In my food group we are asked to look at what we might really be needing if we find ourselves wanting to eat when we aren’t hungry. And I guess what I need is more time to myself for quiet, reflection and writing. To be with myself without distraction. So simple and yet so difficult to get right now.
But here is the thing about the Whole30. Would I have come to this realization if I hadn’t been restricted from sugar? When I can have whatever I want, it often doesn’t seem like such a big deal to have a square of chocolate. I get a taste for sweet, so I eat something sweet. I’m not eating an entire cake, so I typically don’t pause to look at what is really going on.
So it’s a diet, but I think for me it has value beyond the physical. When I can’t just be on auto-pilot with my food, my cravings become so much more obvious and I have no choice but to look at them.
My plan was to just post this video as my way to welcome in the New Year. Many days, this is how I feel about my sobriety. And it’s true. Things have started happening to me. My life has opened up immensely in the last 10 months. I hope 2012 goes down in history as the year I woke the hell up.

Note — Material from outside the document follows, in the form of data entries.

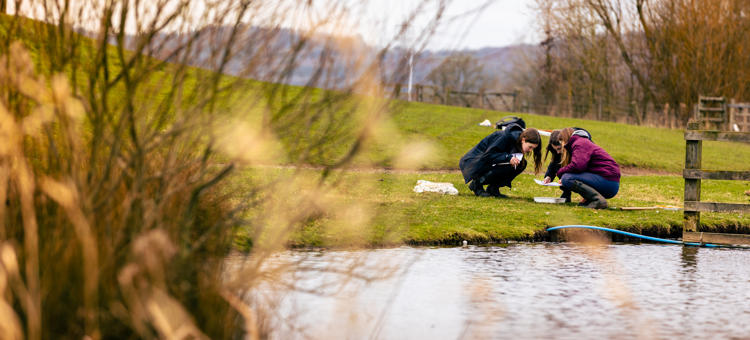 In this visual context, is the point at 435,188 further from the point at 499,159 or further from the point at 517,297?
the point at 517,297

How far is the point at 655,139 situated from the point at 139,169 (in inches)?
1040

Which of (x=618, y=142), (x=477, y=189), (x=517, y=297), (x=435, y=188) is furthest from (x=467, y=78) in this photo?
(x=517, y=297)

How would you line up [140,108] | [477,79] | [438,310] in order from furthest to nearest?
[477,79]
[438,310]
[140,108]

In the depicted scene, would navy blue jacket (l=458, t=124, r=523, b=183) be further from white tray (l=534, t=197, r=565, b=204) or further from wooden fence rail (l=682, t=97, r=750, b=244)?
wooden fence rail (l=682, t=97, r=750, b=244)

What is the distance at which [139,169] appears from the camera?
3.82 m

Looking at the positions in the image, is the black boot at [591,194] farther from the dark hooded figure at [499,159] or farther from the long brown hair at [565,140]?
the dark hooded figure at [499,159]

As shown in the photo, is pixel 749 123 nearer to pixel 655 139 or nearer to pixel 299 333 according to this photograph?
pixel 655 139

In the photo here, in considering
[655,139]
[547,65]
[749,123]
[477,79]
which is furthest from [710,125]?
[477,79]

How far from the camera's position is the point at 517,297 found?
242 inches

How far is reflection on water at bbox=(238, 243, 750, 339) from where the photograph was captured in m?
5.06

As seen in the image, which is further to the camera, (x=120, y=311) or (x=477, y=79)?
(x=477, y=79)

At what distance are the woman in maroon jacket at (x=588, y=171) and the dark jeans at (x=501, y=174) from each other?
0.70 meters

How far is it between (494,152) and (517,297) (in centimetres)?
603

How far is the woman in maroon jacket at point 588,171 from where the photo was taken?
11133 millimetres
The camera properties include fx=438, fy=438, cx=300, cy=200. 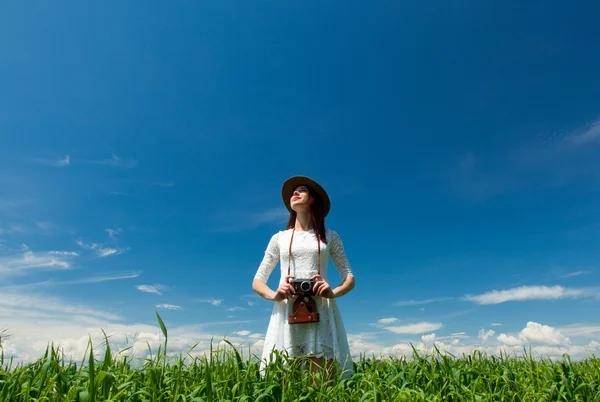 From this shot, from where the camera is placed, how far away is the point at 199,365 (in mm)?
4645

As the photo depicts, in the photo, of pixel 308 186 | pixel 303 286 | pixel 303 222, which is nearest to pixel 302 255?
pixel 303 286

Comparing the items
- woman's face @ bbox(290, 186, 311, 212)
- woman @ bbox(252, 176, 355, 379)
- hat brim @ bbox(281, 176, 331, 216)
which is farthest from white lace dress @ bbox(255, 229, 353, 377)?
hat brim @ bbox(281, 176, 331, 216)

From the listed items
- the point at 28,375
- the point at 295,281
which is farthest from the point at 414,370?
the point at 28,375

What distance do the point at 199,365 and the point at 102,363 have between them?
1159 millimetres

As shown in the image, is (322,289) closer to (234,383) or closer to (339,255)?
(339,255)

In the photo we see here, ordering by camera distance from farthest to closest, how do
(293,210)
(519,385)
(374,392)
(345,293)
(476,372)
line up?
1. (293,210)
2. (345,293)
3. (476,372)
4. (519,385)
5. (374,392)

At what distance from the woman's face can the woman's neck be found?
0.33 ft

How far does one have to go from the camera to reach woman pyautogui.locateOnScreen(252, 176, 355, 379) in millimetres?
4992

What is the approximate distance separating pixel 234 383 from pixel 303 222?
2.42m

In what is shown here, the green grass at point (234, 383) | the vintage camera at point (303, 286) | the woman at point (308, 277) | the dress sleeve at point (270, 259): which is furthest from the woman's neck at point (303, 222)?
the green grass at point (234, 383)

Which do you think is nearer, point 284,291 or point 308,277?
point 284,291

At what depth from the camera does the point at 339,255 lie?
5.62 m

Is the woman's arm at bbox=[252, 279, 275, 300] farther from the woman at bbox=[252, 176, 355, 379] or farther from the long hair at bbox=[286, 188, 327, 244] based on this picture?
the long hair at bbox=[286, 188, 327, 244]

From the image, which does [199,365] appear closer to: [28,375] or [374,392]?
[28,375] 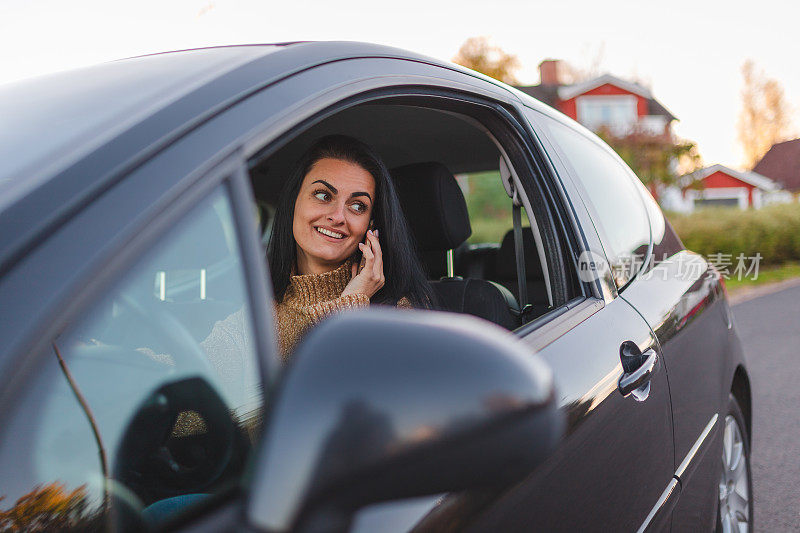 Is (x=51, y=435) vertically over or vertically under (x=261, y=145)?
under

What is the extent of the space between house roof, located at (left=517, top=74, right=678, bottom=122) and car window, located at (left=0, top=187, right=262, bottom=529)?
29440 millimetres

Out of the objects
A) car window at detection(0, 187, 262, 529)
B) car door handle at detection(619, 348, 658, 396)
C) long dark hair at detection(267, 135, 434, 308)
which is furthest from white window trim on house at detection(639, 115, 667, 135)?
car window at detection(0, 187, 262, 529)

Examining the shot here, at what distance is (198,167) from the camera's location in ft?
2.77

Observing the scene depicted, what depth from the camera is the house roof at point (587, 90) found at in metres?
30.4

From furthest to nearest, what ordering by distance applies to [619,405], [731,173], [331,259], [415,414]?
1. [731,173]
2. [331,259]
3. [619,405]
4. [415,414]

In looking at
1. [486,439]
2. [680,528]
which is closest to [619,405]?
[680,528]

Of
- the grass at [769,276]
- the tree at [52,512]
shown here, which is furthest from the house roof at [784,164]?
the tree at [52,512]

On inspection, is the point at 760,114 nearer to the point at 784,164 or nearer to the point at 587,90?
the point at 784,164

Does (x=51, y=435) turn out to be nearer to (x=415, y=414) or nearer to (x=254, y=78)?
(x=415, y=414)

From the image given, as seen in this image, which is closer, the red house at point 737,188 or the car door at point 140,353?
the car door at point 140,353

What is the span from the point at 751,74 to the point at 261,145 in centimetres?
6449

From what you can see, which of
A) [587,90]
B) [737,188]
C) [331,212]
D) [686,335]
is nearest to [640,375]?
[686,335]

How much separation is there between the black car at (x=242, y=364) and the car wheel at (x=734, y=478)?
29.1 inches

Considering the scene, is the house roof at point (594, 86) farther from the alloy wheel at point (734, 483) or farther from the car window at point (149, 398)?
the car window at point (149, 398) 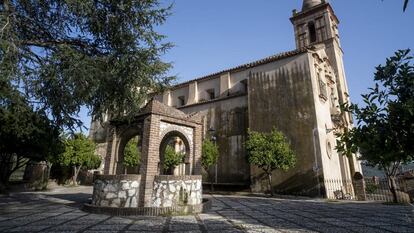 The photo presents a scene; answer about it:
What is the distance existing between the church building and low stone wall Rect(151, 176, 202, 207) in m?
6.13

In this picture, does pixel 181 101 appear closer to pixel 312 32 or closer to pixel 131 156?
pixel 131 156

But I have little things to complain about. I got into self-pity yesterday as I saw Facebook friends embark out on sparkly, booze-fueled NYE celebrations. I didn’t do anything and neglected to plan to do anything. When my husband reminded me that he was going off to his men’s meeting, I nearly lost it. The good news is that the self-pity didn’t last for long. Earlier in the day, a friend was over for a playdate (our sons are the same age). She is someone who is obsessed with appearance and weight. Whenever I see her, the first thing she does is size up my body and make a comment. It’s usually positive, but it makes me extremely uncomfortable and furthermore is not the kind of behavior I want to be modeled in front of my kids. I’ve told her this. Yesterday when she did it, I pointed it out to her, and she told me she wasn’t going to stop just because I can’t take a compliment. Later that night, my Crossfit gym posted a picture of me at their NYE workout and this friend made a comment about me needing to get a tan.
I became enraged and spent the rest of the night seething. In a way it was good because I didn’t have any room for self-pity or fantasies about drinking. I alternated between plotting revenge and doing the “This is a sick man,” bit. I wrote a 10th step before bed. It was still the first thing I thought about when I woke up. I went to a meeting. I finally called my sponsor. I’m relieved and none too pleased with the solution.
I’m supposed to end the friendship. And I can’t do it in my usual way, which would be just to disappear in a fit of silent scorn. I’m supposed to tell her why and do it calmly. Not sure when I’ll gather the balls to do this, but I know that I shouldn’t continue to be friends with this person. She doesn’t respect me. I don’t want to hurt her feelings. Her life kind of sucks, but pity isn’t a good foundation on which to build any relationship. Yuck.